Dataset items
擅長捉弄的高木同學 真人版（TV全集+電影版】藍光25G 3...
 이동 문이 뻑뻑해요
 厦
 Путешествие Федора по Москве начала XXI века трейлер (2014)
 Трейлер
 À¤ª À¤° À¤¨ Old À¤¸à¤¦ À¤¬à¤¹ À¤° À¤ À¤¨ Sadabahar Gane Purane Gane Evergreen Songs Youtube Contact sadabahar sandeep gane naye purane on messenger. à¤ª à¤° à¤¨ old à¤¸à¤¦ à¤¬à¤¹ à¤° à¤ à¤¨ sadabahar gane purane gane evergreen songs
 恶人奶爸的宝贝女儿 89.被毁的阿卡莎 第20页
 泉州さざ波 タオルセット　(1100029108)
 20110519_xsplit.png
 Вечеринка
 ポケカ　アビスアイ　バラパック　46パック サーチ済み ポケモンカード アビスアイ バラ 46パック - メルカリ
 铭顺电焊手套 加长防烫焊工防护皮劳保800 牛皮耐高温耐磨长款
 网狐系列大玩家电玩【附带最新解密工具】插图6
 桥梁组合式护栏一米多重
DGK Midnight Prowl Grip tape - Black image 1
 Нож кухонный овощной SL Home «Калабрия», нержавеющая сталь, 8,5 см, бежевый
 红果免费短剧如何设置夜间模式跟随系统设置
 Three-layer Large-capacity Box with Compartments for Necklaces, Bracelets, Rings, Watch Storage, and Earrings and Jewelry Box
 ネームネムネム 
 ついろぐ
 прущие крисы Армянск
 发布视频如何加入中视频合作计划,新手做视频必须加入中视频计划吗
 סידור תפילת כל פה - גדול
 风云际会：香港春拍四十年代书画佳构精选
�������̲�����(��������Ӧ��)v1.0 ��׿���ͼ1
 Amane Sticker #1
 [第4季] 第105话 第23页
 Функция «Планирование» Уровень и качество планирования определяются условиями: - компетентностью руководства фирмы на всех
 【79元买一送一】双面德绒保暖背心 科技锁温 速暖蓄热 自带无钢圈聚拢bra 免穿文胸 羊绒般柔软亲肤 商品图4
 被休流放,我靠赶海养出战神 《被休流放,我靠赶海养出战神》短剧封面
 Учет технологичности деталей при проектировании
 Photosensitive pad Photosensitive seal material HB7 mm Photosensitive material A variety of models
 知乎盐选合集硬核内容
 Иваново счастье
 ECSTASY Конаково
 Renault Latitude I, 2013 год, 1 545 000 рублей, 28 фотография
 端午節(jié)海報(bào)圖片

### WHAT IS REQUIRED
Going back to the entries above, set down exactly the lines that begin at the one with "Evergreen Songs Youtube" and end at the one with "桥梁组合式护栏一米多重", both included, and nothing else.

### SOLUTION FOR THIS TASK
 À¤ª À¤° À¤¨ Old À¤¸à¤¦ À¤¬à¤¹ À¤° À¤ À¤¨ Sadabahar Gane Purane Gane Evergreen Songs Youtube Contact sadabahar sandeep gane naye purane on messenger. à¤ª à¤° à¤¨ old à¤¸à¤¦ à¤¬à¤¹ à¤° à¤ à¤¨ sadabahar gane purane gane evergreen songs
 恶人奶爸的宝贝女儿 89.被毁的阿卡莎 第20页
 泉州さざ波 タオルセット　(1100029108)
 20110519_xsplit.png
 Вечеринка
 ポケカ　アビスアイ　バラパック　46パック サーチ済み ポケモンカード アビスアイ バラ 46パック - メルカリ
 铭顺电焊手套 加长防烫焊工防护皮劳保800 牛皮耐高温耐磨长款
 网狐系列大玩家电玩【附带最新解密工具】插图6
 桥梁组合式护栏一米多重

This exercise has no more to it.